Intellectual Property is everywhere and nowhere. While sometimes you might be able to see it and hold it, sometimes you can only hear it or observe it in operation.
The whole reason why intellectual property needs to be treated as a separate class of assets to which a unique set of rules apply is because it is “intangible” by its very nature. You may own a precious work of art but that does not necessarily mean you have the right to sell copies of it. Why? Because ownership of the physical asset does not automatically give you exclusive rights to the intellectual property. You can use your computer or smartphone for work or leisure but you don’t own the copyright in the software programs that make it work.
More often than not, we don’t think, or even care, about the intellectual property that makes all these things happen but it does mean that you have to be very careful when valuing intellectual property assets.

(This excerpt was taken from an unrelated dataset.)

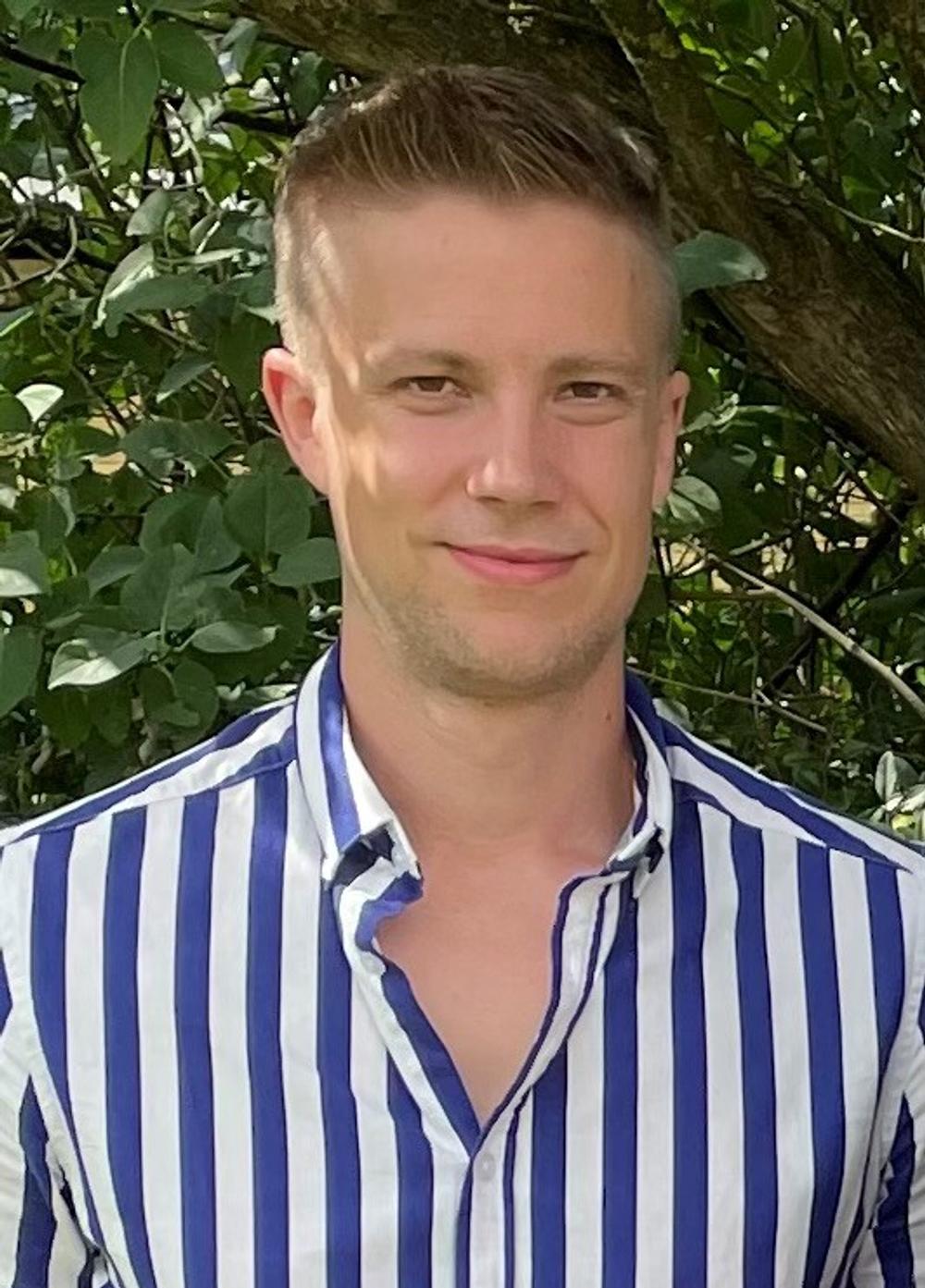 Kasper Holmgaard, energirådgiver fra Scanenergi. Kasper Holmgaard, energirådgiver fra Scanenergi.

In fact HMRC has a separate “intangible assets” regime because of the complexity of this area of law and the need to treat intellectual property assets differently to physical assets.

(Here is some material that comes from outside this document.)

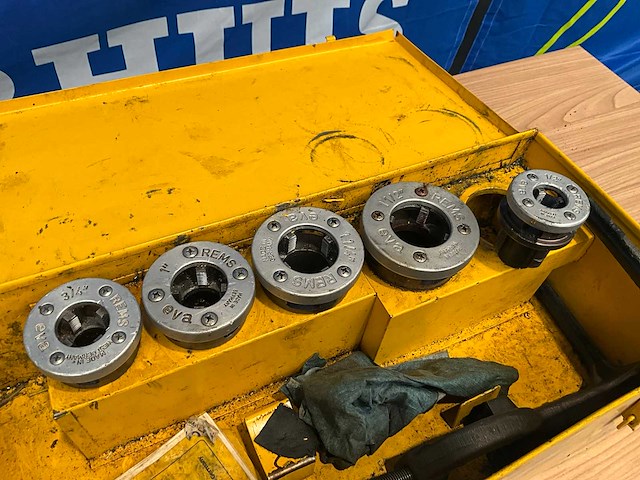 Rems draadsnijkoppen set - afbeelding 1 van  8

In the case of Morgan Lloyd Trustees Ltd and others v Revenue and Customs Commissioners, the Tax Chamber of the First-tier Tribunal held that the Trustees had failed in their duty of care when accepting without challenge third party valuations of trading names and software used within the businesses to which pension schemes were related. The case related to self‑administered pension funds (and their financial advisers) and the tax charges to be imposed when funds have been wrongfully transferred out.
It can be difficult to value intangible assets given that their value often depends on the use to which they are put. Take a trade mark such as Nike or Coca Cola; using these marks respectively for sporting goods and beverages adds value to the products which allows the brand owners to charge more. In cases such as these, given there is a ready consumer market for the products, the difference in price between non‑branded and branded goods can be readily assessed and a value ascribed to the trade marks.
However, in the Morgan case the intellectual property to be valued was the copyright in software used exclusively within the businesses with which the pensions were connected and the trade marks protecting the names of the businesses for which there was no real market outside the businesses using them.
There are a number of accepted methodologies to value intellectual property.
A starting point is often to look at an arms’ length transaction between reasonable parties (the hypothetical seller and the hypothetical buyer) to purchase the asset. This method can work well when there is a history of equivalent transactions. This is known as the “Market Approach“.
In a software context, it can sometimes help to look at the man hours it would take to recreate the software and value the IP based on the cost of reproducing it. This is the “Cost Approach“.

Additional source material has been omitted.